**Required action**:
In the data below, find the line containing "Elegant Lotus Flower" and the line containing "France Pride French", then reproduce them and every line between, exactly. Omit pictures.
Records to use Block Start
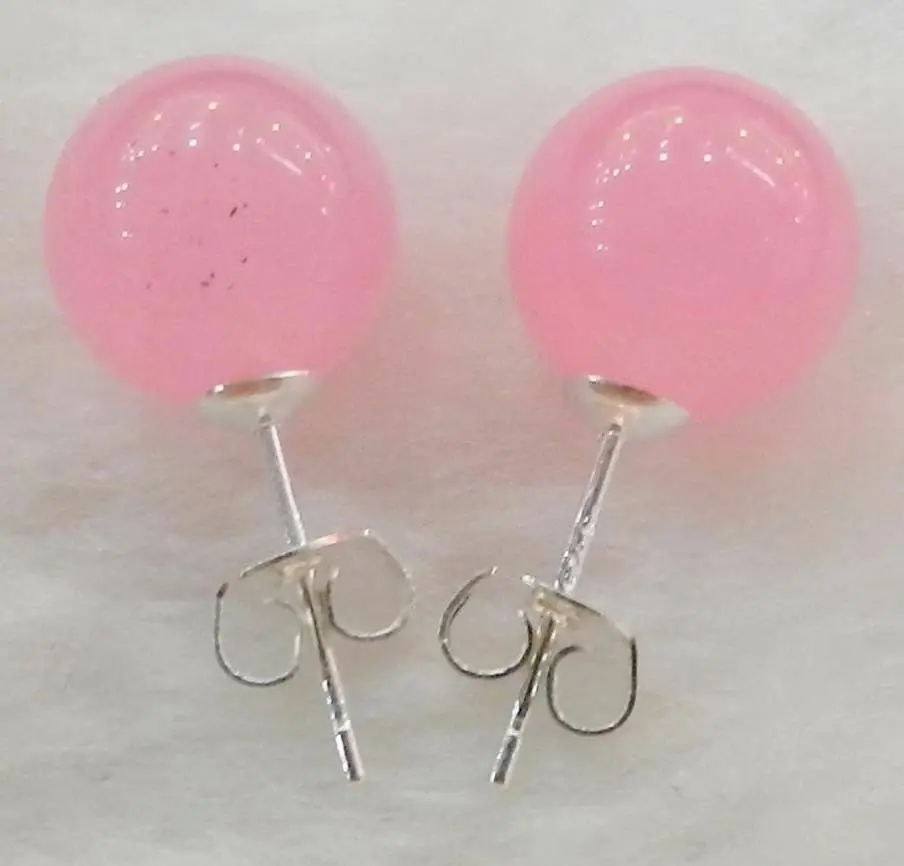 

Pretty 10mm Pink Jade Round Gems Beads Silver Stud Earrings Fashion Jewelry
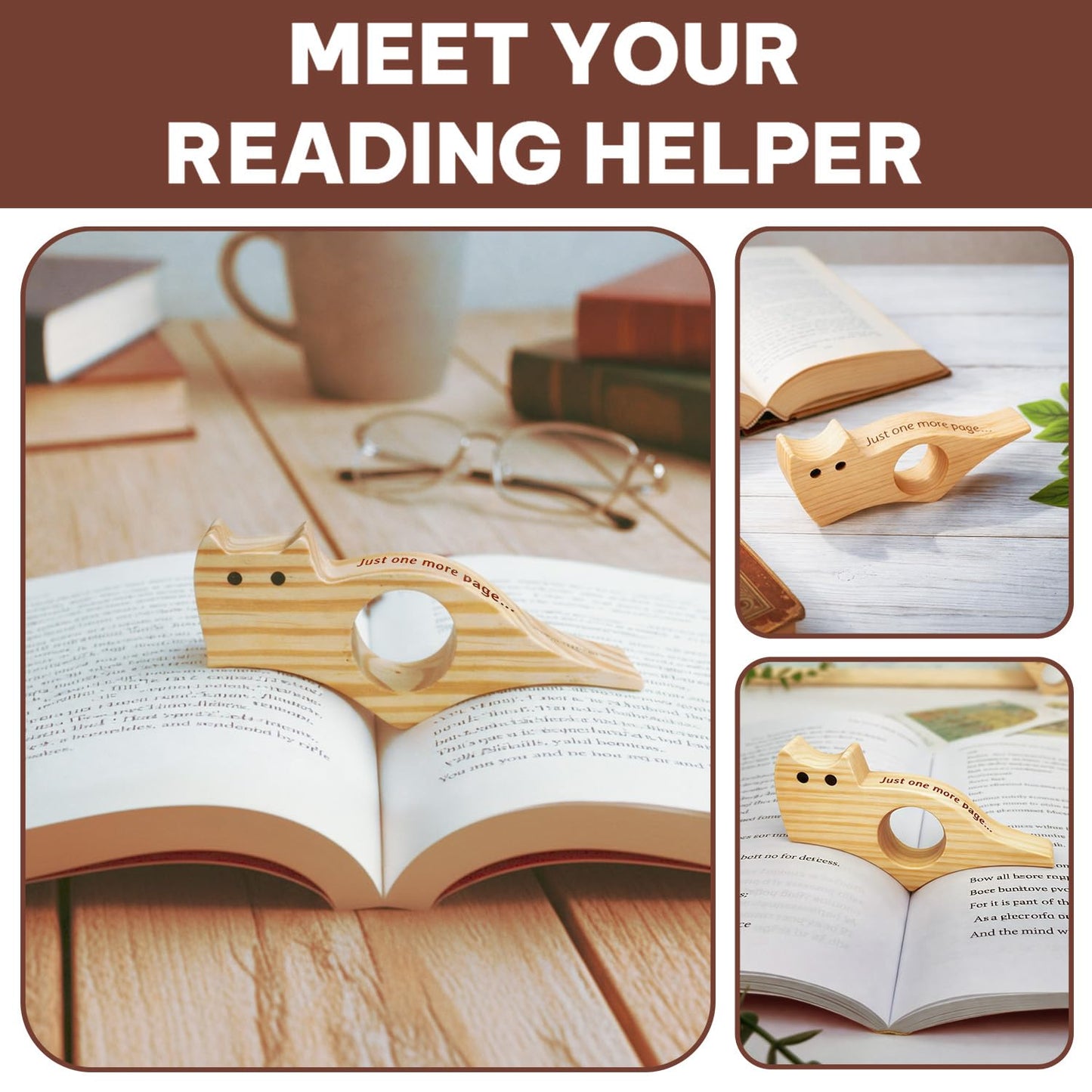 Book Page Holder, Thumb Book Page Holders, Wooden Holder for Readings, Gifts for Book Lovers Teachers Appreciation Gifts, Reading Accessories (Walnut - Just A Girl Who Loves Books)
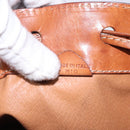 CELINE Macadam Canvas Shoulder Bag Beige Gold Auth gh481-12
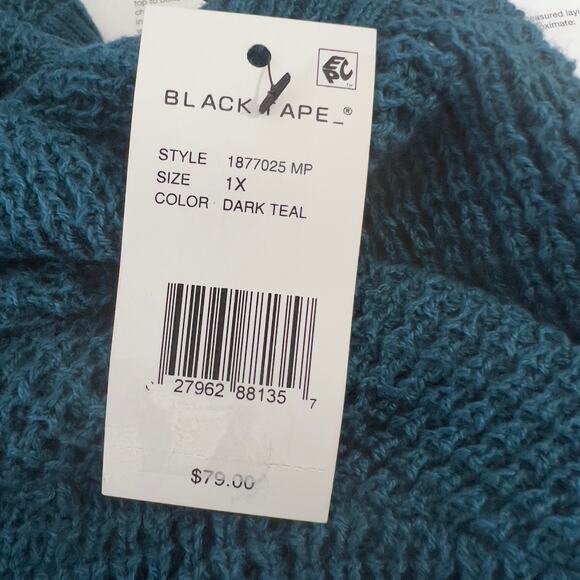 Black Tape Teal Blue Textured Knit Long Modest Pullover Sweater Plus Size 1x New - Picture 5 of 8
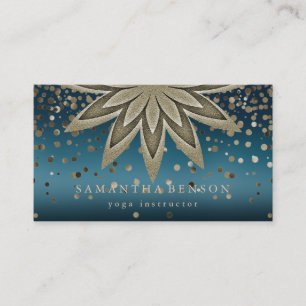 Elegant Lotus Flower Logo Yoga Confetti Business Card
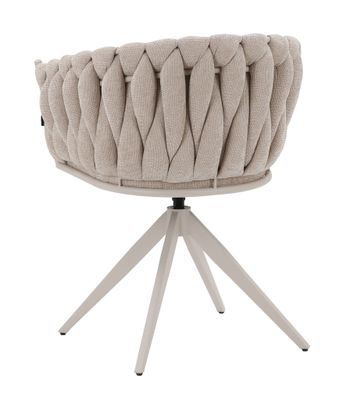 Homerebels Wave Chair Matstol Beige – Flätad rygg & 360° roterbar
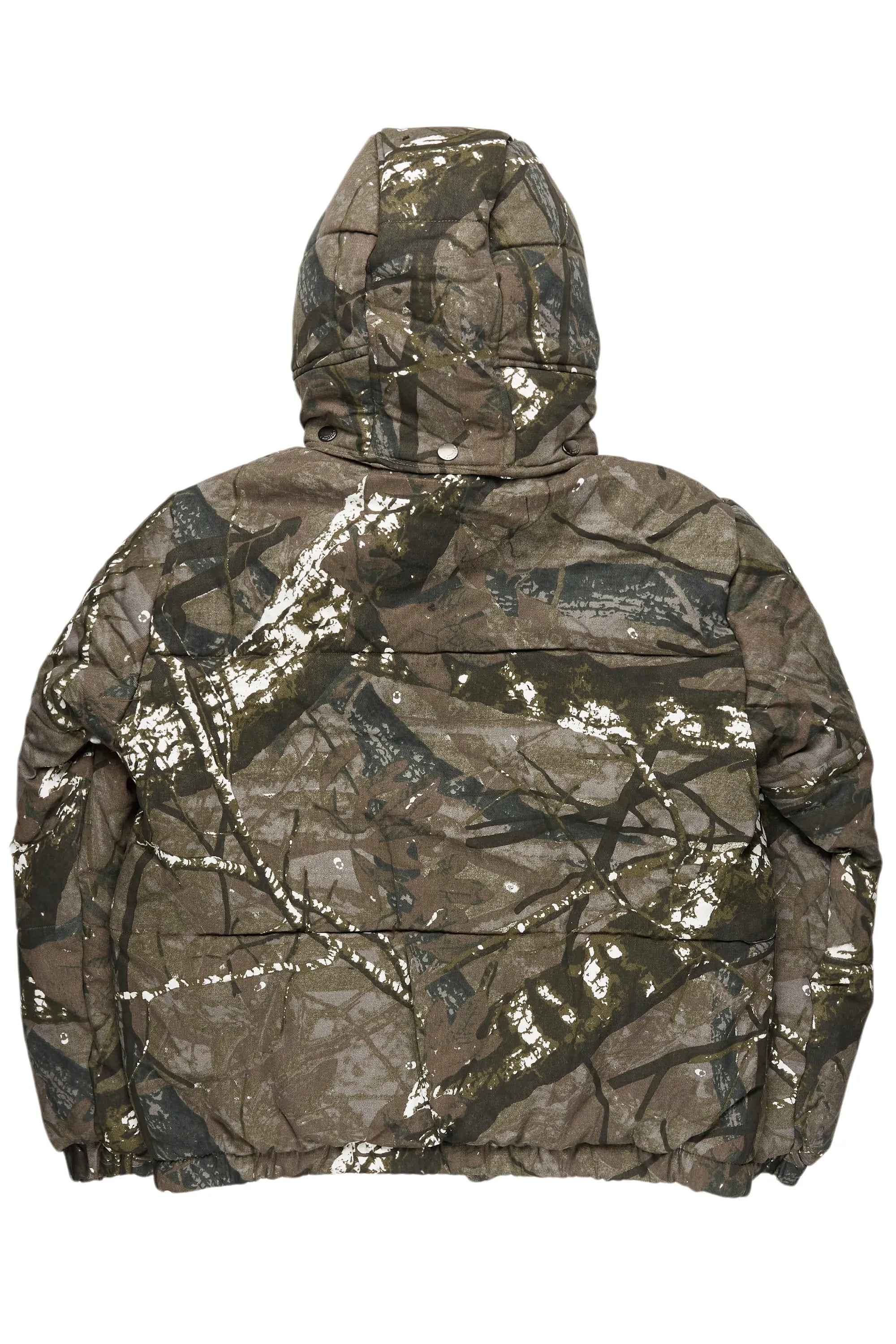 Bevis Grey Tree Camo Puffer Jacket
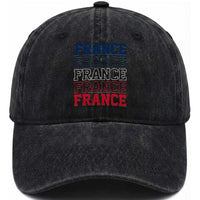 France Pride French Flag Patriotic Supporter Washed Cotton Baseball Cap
Records to use Block End
Records to use Block Start
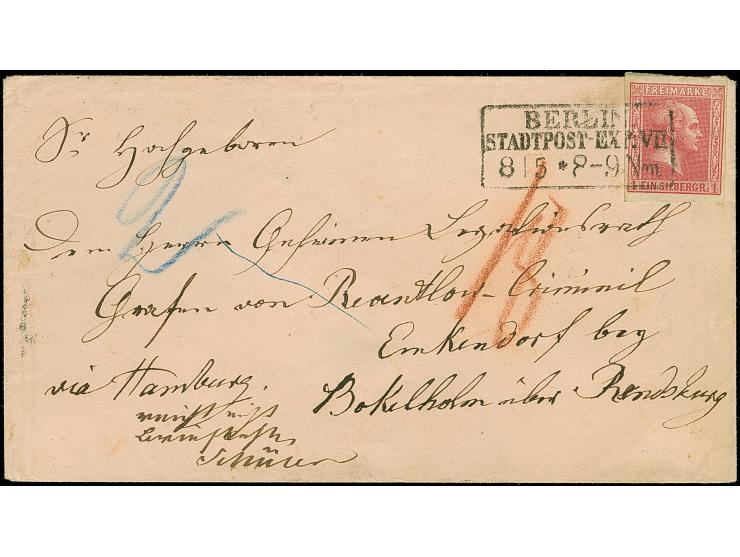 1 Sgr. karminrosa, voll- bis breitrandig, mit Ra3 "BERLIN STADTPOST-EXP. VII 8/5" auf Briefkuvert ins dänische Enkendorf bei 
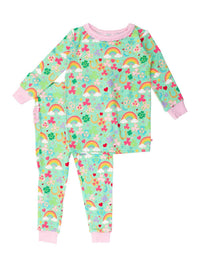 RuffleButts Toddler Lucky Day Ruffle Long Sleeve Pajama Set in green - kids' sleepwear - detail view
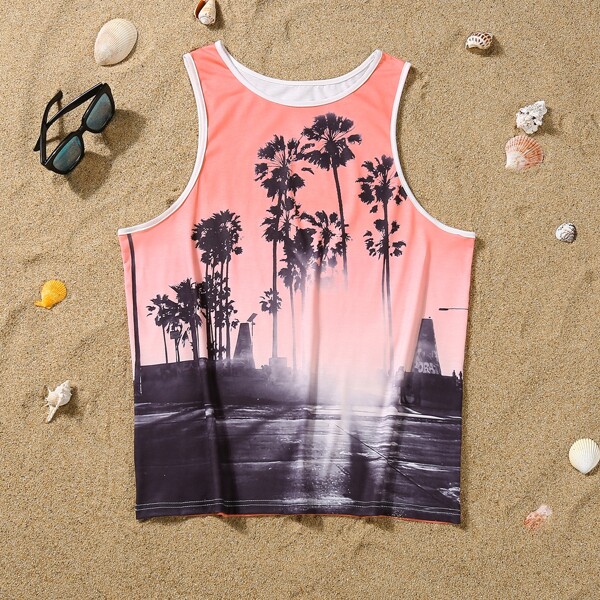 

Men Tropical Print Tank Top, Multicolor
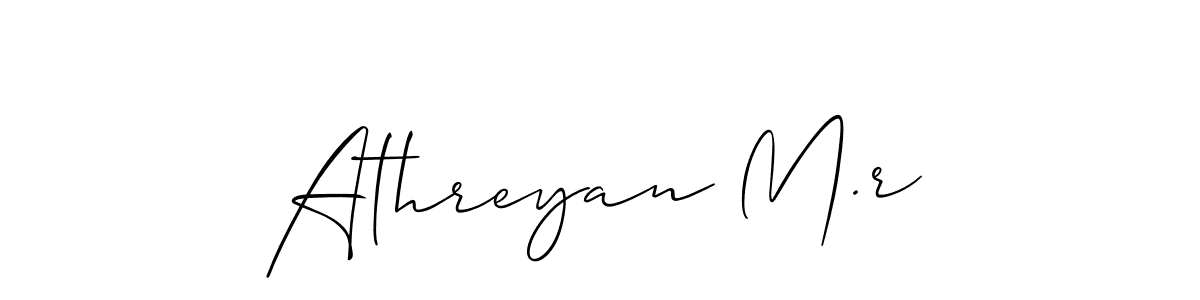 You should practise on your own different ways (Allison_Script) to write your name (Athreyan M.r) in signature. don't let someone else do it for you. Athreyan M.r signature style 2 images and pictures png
Records to use Block End
**Result**:
 Elegant Lotus Flower Logo Yoga Confetti Business Card
 Homerebels Wave Chair Matstol Beige – Flätad rygg & 360° roterbar
 Bevis Grey Tree Camo Puffer Jacket
 France Pride French Flag Patriotic Supporter Washed Cotton Baseball Cap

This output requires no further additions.